Da genuino keynesiano, l’analisi di Bagnai è impietosa
contro i luoghi comuni e il moralismo mal riposto che imperversa nella sinistra
italiana a proposito, soprattutto, di debito pubblico ed Europa. Ne sappiamo
qualcosa anche noi sin da quando all’inizio della crisi nel predisporre un
documento per alcune associazioni denunciammo che in Europa c’era uno scontro
fra interessi nazionali. Ci sentimmo tacciare di leso-Europeismo da ben noti
collaboratori di questo giornale. Questi, pur non abbandonando le elegie del
“più Europa”, come le chiama Bagnai, azzardano ora timide denunce del
comportamento tedesco. A differenza di costoro, Bagnai
non ha molte speranze in una qualche redenzione dell’Europa, ed ha ragione. Qui
il punto è delicato. Dirlo apertamente vuol dire troncare quasi ogni
interlocuzione politica a sinistra, anche perché una uscita dall’euro è nel
novero delle cose che non si dicono ma si fanno. Ma è pur un bene che se ne
parli, e in maniera documentata. Bagnai chiarisce che la rottura dell’euro non
sarebbe quel “salto nel buio” che il “luogocomunista” di turno attribuiva su
queste colonne (12/3/13) agli economisti di sinistra.
Il volume di Bagnai è ben scritto, documentato, di facile
leggibilità e spesso godibile. Come nel caso della lunga citazione del discorso
di Napolitano alla camera del 1979 contro l’adesione allo sistema monetario
europeo, che è nei fatti una perorazione contro l’euro (suggerita probabilmente
da Spaventa che, come spesso gli è accaduto, ha poi cambiato bandiera seguito a
quanto pare dal Presidente). Encomiabile è l’assenza di anglicismi (Bagnai
parla peraltro molte lingue) che invece flagellano, per esempio, il recente
“Piano del lavoro” della CGIL - in cui
il tema europea non è affrontato, peraltro, in termini adeguati. Il volume è
assai consigliabile per uso didattico all’università, ma anche per lavori di
gruppo negli ultimi anni del liceo. Il mio unico appunto riguarda una scivolata
anti-keynesiana in cui Bagnai talvolta incorre nel ritenere che i risparmi
abbiano una esistenza autonoma rispetto agli investimenti, potendo essere
eccessivi rispetto a questi. Per esempio dove sostiene che “E’ l’eccesso di
risparmio globale che ha contribuito all’abbassamento del costo del denaro in
tutto il mondo”. Questa è precisamente la tesi neoclassica di Bernanke della
“congestione da risparmi”, criticata dagli economisti più genuinamente
keynesiani i quali le hanno contrapposto la tesi della “congestione di
liquidità” creata, peraltro, dal medesimo Presidente della Fed. Bagnai mi ha
però detto che si tratta di una concessione al modo di pensare tradizionale a
scopo didattico, e che rivedrà il punto in una seconda edizione.

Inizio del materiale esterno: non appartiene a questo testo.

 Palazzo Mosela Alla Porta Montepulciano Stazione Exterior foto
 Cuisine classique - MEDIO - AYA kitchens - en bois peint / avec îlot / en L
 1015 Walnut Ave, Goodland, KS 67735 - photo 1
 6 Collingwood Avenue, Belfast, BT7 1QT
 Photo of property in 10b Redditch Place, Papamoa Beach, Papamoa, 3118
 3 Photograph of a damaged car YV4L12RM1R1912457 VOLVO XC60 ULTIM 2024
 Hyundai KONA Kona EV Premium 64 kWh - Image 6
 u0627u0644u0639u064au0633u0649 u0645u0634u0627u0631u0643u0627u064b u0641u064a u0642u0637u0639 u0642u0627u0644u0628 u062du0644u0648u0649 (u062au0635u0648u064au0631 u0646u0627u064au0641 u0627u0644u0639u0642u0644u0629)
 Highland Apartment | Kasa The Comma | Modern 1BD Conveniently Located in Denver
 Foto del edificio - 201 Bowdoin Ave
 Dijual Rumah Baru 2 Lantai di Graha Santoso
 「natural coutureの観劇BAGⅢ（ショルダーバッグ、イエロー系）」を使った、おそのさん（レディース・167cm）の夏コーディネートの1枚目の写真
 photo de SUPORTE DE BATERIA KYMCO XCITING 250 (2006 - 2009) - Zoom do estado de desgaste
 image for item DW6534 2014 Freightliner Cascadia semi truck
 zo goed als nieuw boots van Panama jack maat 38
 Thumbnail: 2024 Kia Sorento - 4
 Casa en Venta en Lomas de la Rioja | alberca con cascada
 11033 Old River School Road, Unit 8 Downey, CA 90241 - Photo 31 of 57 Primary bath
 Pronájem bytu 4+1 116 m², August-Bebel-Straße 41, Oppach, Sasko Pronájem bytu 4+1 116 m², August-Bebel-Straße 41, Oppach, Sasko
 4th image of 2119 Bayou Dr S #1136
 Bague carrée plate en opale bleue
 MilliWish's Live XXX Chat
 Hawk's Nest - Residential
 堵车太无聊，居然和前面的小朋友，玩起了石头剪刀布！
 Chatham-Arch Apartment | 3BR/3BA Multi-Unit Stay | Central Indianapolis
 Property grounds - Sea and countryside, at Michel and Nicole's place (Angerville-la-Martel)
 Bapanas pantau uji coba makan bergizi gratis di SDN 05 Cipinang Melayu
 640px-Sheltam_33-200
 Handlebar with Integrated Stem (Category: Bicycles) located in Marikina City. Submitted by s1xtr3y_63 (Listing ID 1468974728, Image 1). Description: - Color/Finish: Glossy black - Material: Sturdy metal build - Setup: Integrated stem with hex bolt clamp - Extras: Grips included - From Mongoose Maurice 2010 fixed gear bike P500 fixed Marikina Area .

Il volume di Bagnai è una ottima cronistoria degli errori
del passato che, dallo SME al “divorzio” fra Banca d’Italia e Tesoro, ci hanno
condotto alla Caporetto della moneta unica. I Cadorna sono i presunti eroi
della sinistra, Ciampi, Andreatta, Prodi e Padoa-Schioppa. Senza un
ripensamento critico di questo passato, riteniamo, essa non potrà maturare
ricette efficaci per far uscire il paese da un destino che, al momento, appare,
questo sì, buio. Il libro continua dunque a essere quanto mai attuale e una
bussola nella presente fase di incertezza politica.